Sunday, December 16, 2012

Rage is Back by Adam Mansbach

Kilroy Dondi Vance is an eighteen-year-old mixed-race Brooklynite who deals pot and goes to prep school on scholarship, all while growing up in the shadow of his absentee father, Billy Rage, a legendary graffiti writer who disappeared from New York City in 1989 following a public feud with MTA police chief Anastacio Bracken.

Now it’s 2005. Bracken is running for mayor of New York City. And who should Dondi discover on a rooftop in Brooklyn but his father, newly returned to the city and ready to settle the score. The return of Rage and the mayoral race of Bracken prompt a reunion of every graffiti writer who mattered in the 1980s—in order to thwart Bracken with the greatest graffiti stunt New York City has ever seen.

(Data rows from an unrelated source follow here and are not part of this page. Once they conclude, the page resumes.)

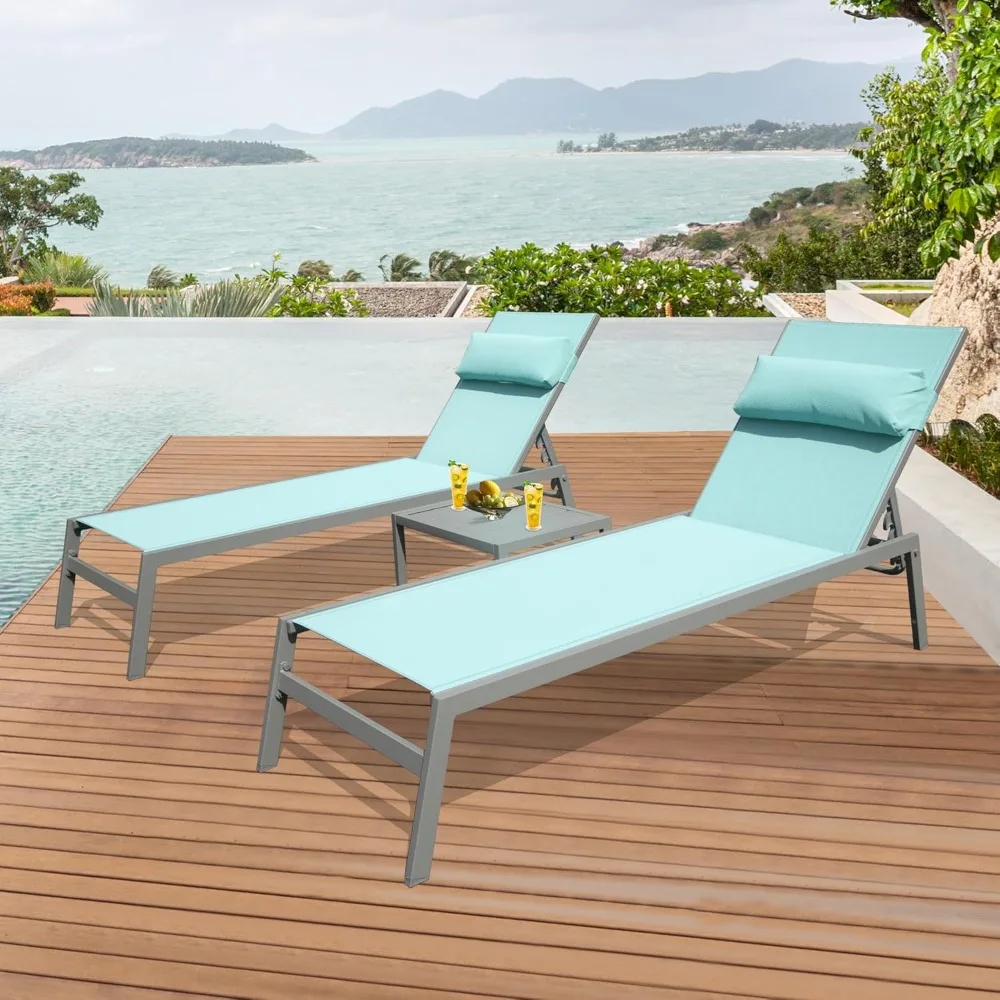 

Domi Patio Chaise Lounge Set of 3, Aluminum Pool Lounge Chairs with Side Table, Outdoor Adjustable Recliner All Weather for Pool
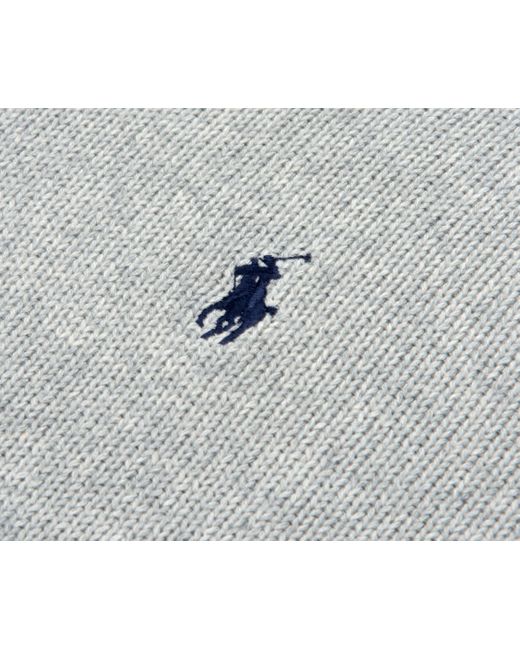 Polo Ralph Lauren Gray Ribbed Chunky 1/4 Zip Knit for men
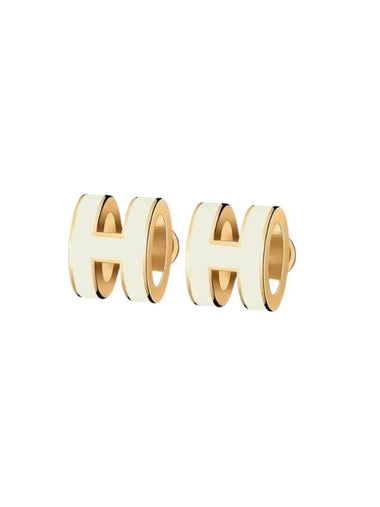 Mini Pop H Earrings Gold Gold Blanc - HERMES - BALAAN 1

Rage Is Back delivers a mind-bending journey through a subterranean world of epic heroes and villains. Moving through the city’s unseen communities, from the tunnel camps of the Mole People to the drug dens of Crown Heights, Rage Is Back is many things: a dramatic, hilarious thrill ride; a love letter to NYC that introduces the most powerful urban underdog narrator this side of The Brief Wondrous Life of Oscar Wao, and a literary tour de force from a writer on the brink of real stardom.
t’s not easy to describe a book like this one, because it really doesn’t fit into any formal categories. It’s a mix of comedy, urban attitude, and sharp sociological analysis. It really surprised me how much I enjoyed reading it, actually.

What makes this book so special is the narrator. His voice is wholly unique, and one that resonates from the very first sentence. Dondi, a young man born into the world of graffiti, is struggling to find his place. It could have turned into a melodrama, but the tight writing, the sharply comedic dialogues and monologues, make it such an entertaining book to read. Once you start it’s very hard to put down.

There is also a bit of magical realism, just a touch of it, throughout the pages, so that you get even more of a sense of mystique added to the already tricky world of graffiti. This is definitely a book worth reading, and one that I think most people will enjoy. Don’t let the subject matter deter you. This is one fabulously refreshing read.